2. Make the Orange Sauce
- Combine orange juice, zest, soy sauce, sugars, vinegar, garlic, ginger, chili flakes/sriracha, and cornstarch in a saucepan.
- Whisk well to dissolve the cornstarch completely.
- Simmer over medium heat for 7 minutes until thickened and glossy.
3. Combine
- Add fried chicken to a large bowl.
- Pour hot orange sauce over the chicken.
- Toss gently to coat evenly.
- Serve immediately over rice, noodles, or vegetables.
Tips / Storage / FAQs
Tips for Perfect Orange Chicken
- Use thighs for juicier meat—they stay tender even when fried.
- Oil must be hot (375°F) so the coating crisps without absorbing too much oil.
- Dissolve cornstarch before heating to prevent lumps in the sauce.
- Work in batches: overcrowding lowers oil temperature and softens the coating.
Storage
- Refrigerator: Store leftovers in an airtight container for 3–4 days (chicken will soften).
- Reheating: Microwave in 30–60 second bursts until steaming hot.
- Not ideal for freezing: The coating softens significantly.
FAQs
Can I make orange chicken without frying?
Yes! Try these alternatives:
- Stir-Fry Method: Cook chicken in 1–2 tablespoons of oil until browned and cooked through.
- Baked Nuggets: Use homemade or store-bought; toss in sauce after baking.
- Grilled Chicken: A lighter, flavorful option.
Can I make this gluten-free?
Yes—use cornstarch instead of flour and gluten-free soy sauce.
Can I make it spicier?
Add more crushed red pepper flakes, sriracha, or even chili oil.
Final Thoughts
This Copycat Panda Express Orange Chicken captures everything you love about the original—crispy chicken, tangy-sweet sauce, and a hint of heat—but with fresher ingredients and customizable flavors. Whether you fry, pan-sear, or bake the chicken, this easy weeknight recipe delivers restaurant-quality results in less than an hour. Pair it with steamed rice, chow mein, or stir-fried veggies for a complete homemade takeout experience.
📖 Recipe
Panda Express Orange Chicken
Ingredients
For the Chicken
- 1 pound chicken breasts or thighs cut into irregular 1-inch cubes
- 1 –2 cups self-rising flour or substitute cornstarch for gluten-free
- 2 large eggs whisked
- 3 cups oil for deep frying (or enough to submerge chicken)

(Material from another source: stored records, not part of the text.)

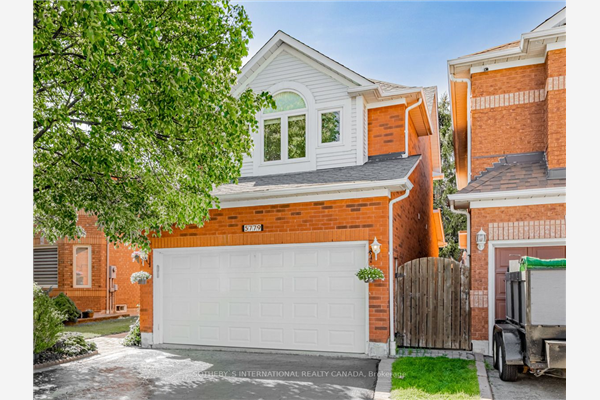 5779 Mersey St, Mississauga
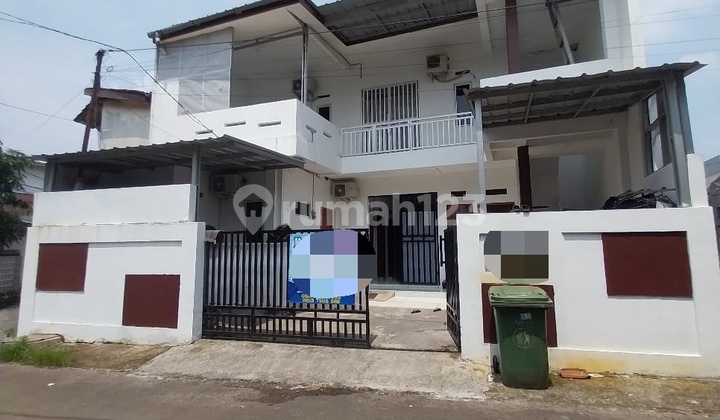 Near MRT Lebak Bulus, Boarding House for Sale in Cireunde Ciputat South Tang. 1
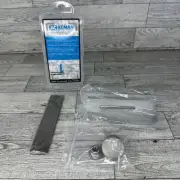 XCMAN 88° Alpine Snowboard Freeride Hard Aluminum Side Bevel Angle File Guide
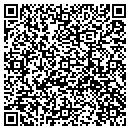 QR code with Alvin Tye contacts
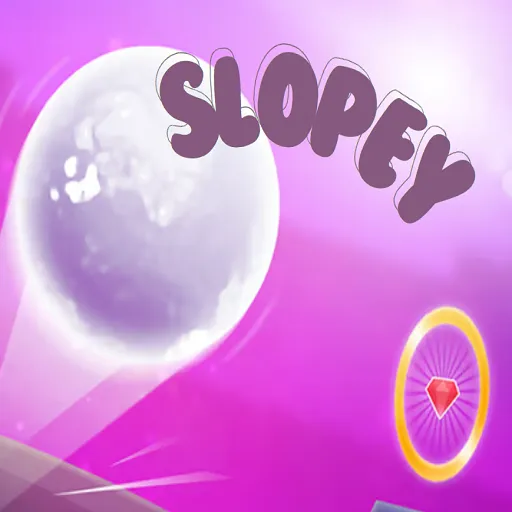Play Slopey now!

For the Orange Chicken Sauce
- Juice of 1 large orange about ¾ cup
- ¼ teaspoon orange zest
- 2 tablespoons soy sauce
- 3 tablespoons granulated sugar
- 1 tablespoon brown sugar
- ¼ cup rice wine vinegar
- 1 teaspoon crushed red pepper flakes or ½ teaspoon sriracha; more to taste
- 1 clove garlic minced
- 2 teaspoons cornstarch
- ⅛ teaspoon ground ginger
Instructions
Prepare the Chicken
- Heat oil in a deep fryer or heavy pot to 375°F.
- Place whisked eggs in one bowl and flour (or cornstarch) in another.

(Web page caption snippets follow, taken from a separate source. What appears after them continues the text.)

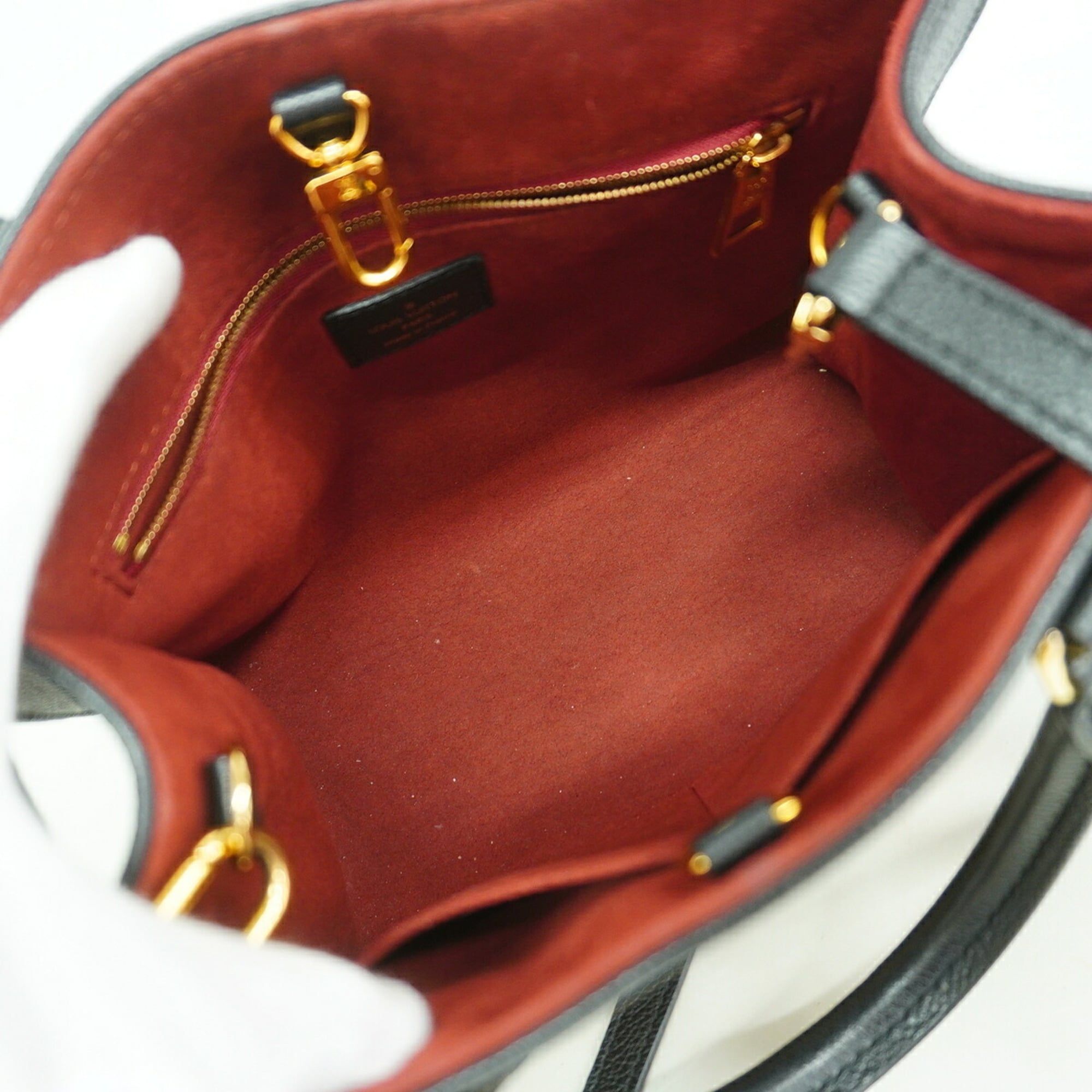 Handbag (Pre-Owned) - Louis Vuitton - Modalova
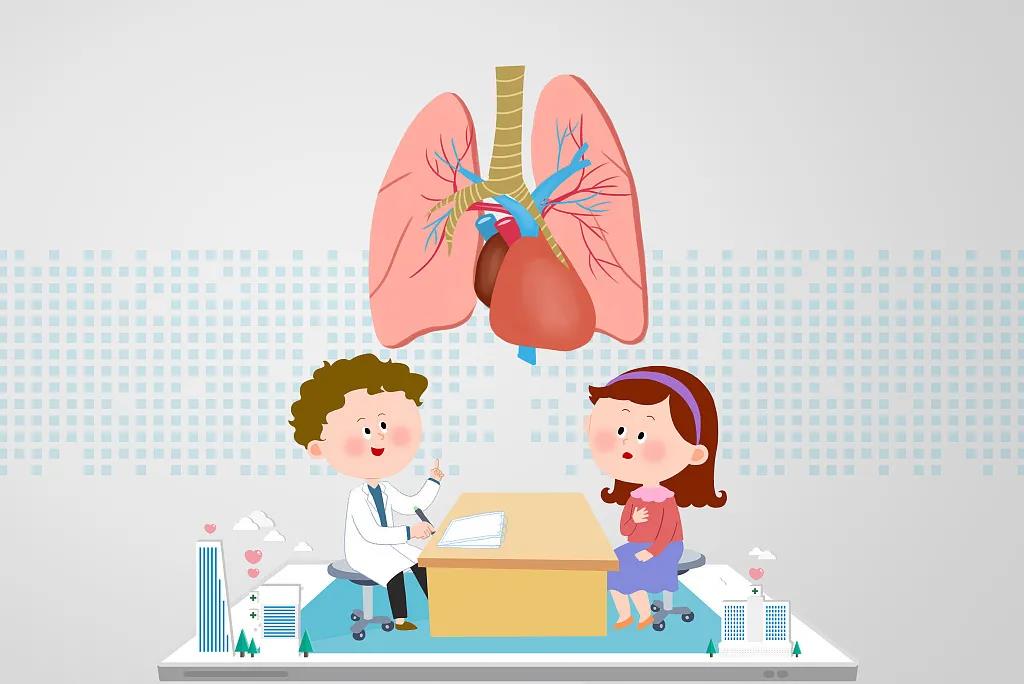 类风湿对肺的影响,类风湿引起肺部感染怎么办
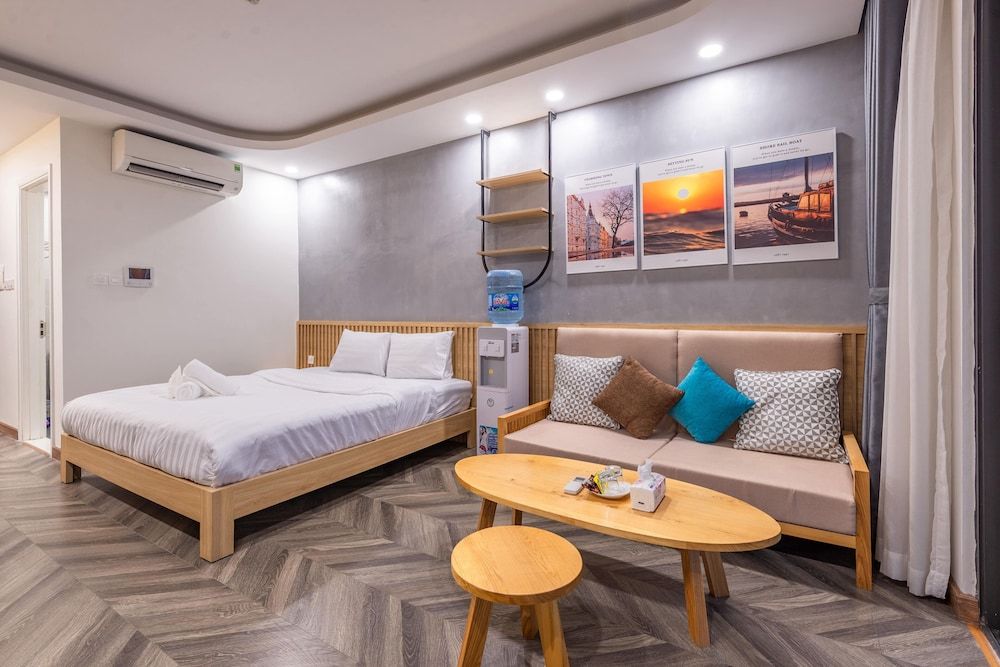 undefined Harim Vinhomes D'capitale 4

- Dip chicken pieces into egg, then coat fully in flour.
- Fry chicken in batches for 3–5 minutes, until golden brown and cooked through (165°F internal temperature).
- Transfer cooked chicken to a wire rack or paper towels.
Make the Orange Sauce
- Combine orange juice, zest, soy sauce, sugars, vinegar, garlic, ginger, chili flakes/sriracha, and cornstarch in a saucepan.
- Whisk well to dissolve the cornstarch completely.
- Simmer over medium heat for 7 minutes until thickened and glossy.
Combine
- Add fried chicken to a large bowl.
- Pour hot orange sauce over the chicken.
- Toss gently to coat evenly.
- Serve immediately over rice, noodles, or vegetables.
Notes
Yes! Try these alternatives: Stir-Fry Method: Cook chicken in 1–2 tablespoons of oil until browned and cooked through. Baked Nuggets: Use homemade or store-bought; toss in sauce after baking. Grilled Chicken: A lighter, flavorful option. Can I make this gluten-free?
Yes—use cornstarch instead of flour and gluten-free soy sauce. Can I make it spicier?
Add more crushed red pepper flakes, sriracha, or even chili oil.